Resiste con controricorso COGNOME NOME.
In prossimità dell’adunanza camerale, ambo le parti hanno depositato memoria.
RAGIONI DELLA DECISIONE
Con il primo motivo, la parte ricorrente lamenta la violazione o falsa applicazione degli artt. 2909 c.c. e 324 c.p.c., in relazione all’art. 360, primo comma, n. 3, c.p.c., perché la Corte di Appello avrebbe rilevato d’ufficio la tardività dell’eccezione di usucapione sollevata dalla COGNOME, senza rilevare che sulla questione si sarebbe formato il giudicato
interno, a seguito della mancata riproposizione, da parte della COGNOME, della correlata eccezione di tardività.

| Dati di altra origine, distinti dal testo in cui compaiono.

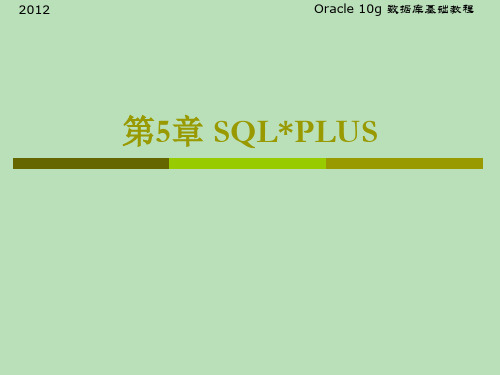 Oracle-10g数据库基础教程(XXXX) 第05章SQLPLUS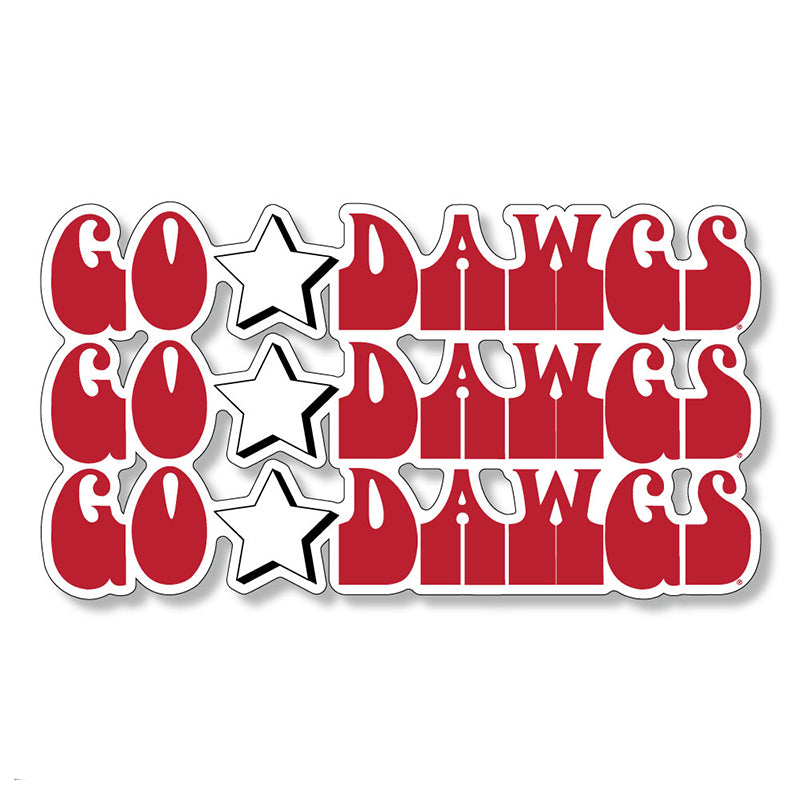 3" Go Dawgs Star Decal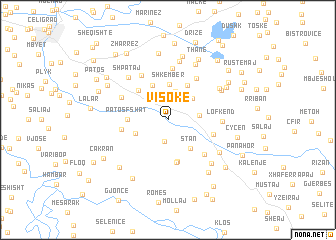 map of Visokë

Con il secondo motivo, la ricorrente denunzia invece la nullità della sentenza per violazione dell’art. 112 c.p.c., in relazione all’art. 360, primo comma, n. 4, c.p.c., perché la Corte di Appello, ravvisando la tardività dell’eccezione di usucapione sollevata dalla COGNOME in prime cure, in assenza di appello incidentale sul punto, sarebbe incorso in vizio di ultrapetizione.

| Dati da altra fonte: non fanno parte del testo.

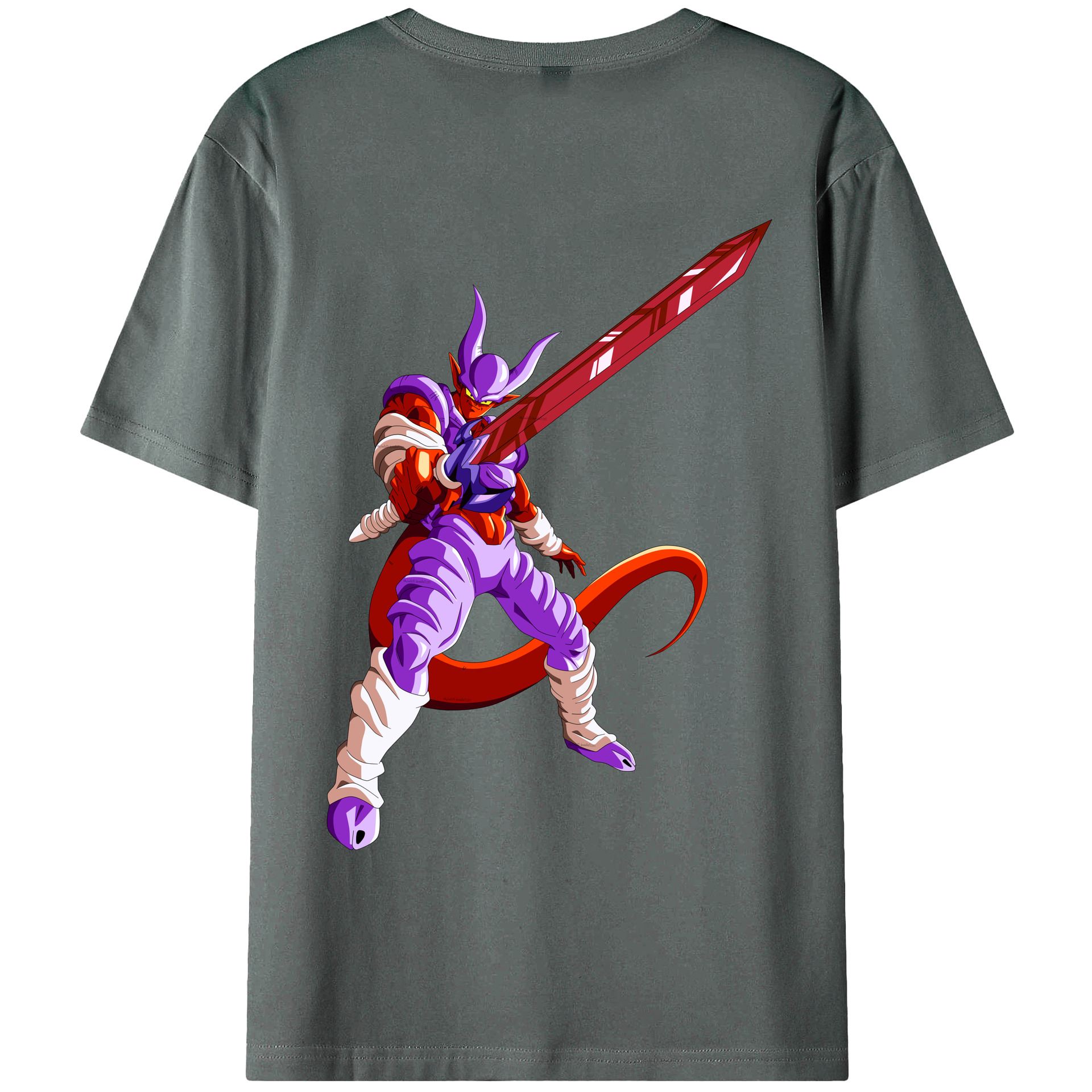 （画像用） ドラゴンボール ジャネンバ DRAGON BALL Janemba 綿100％半袖Tシャツ（背面プリント）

Con il terzo motivo, si duole ancora della violazione o falsa applicazione degli artt. 2909 c.c., 157 e 324 c.p.c., in relazione all’art. 360, primo comma, n. 3, c.p.c., perché la Corte di Appello avrebbe dovuto ravvisare la formazione del giudicato interno sull’implicito rigetto dell’eccezione di tardività sollevata dalla difesa della COGNOME in prime cure, e non riproposta in secondo grado.
Con il quarto motivo, la ricorrente lamenta altresì la violazione o falsa applicazione degli artt. 343 e 346 c.p.c., in relazione all’art. 360, primo comma, n. 3, c.p.c., perché la Corte distrettuale avrebbe omesso di considerare che l’eccezione di tardività proposta dalla COGNOME in prime cure non era stata riproposta in appello, neanche ai sensi dell’art. 346 c.p.c., e dunque avrebbe dovuto essere considerata rinunciata.

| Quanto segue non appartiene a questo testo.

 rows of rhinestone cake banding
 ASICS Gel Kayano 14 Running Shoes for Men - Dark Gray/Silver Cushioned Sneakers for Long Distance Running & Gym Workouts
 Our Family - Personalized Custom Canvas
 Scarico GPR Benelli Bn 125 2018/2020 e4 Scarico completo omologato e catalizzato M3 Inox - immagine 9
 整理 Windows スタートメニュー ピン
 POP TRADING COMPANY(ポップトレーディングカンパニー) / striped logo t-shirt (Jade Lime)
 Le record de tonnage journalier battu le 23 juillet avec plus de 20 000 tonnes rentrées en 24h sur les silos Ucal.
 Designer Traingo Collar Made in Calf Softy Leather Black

Le quattro censure, suscettibili di essere esaminate congiuntamente, poiché attingono tutte la statuizione con la quale la Corte territoriale ha ritenuto inammissibile, per tardività, l’eccezione di usucapione del diritto di servitù di veduta che la COGNOME aveva sollevato in prima istanza, sono fondate.
Dalla sentenza impugnata risulta che il Tribunale di Avezzano aveva ‘… respinto preliminarmente l’assunto di parte convenuta per difetto di prova in ordine al consolidarsi della contestata servitù per effetto dell’uso quarantennale …’ (cfr . pag. 2 della sentenza impugnata).
L’eccezione di usucapione, quindi, era stata esaminata, e respinta, per difetto di prova, ond’essa era stata ritenuta tempestivamente proposta dalla parte convenuta in prime cure.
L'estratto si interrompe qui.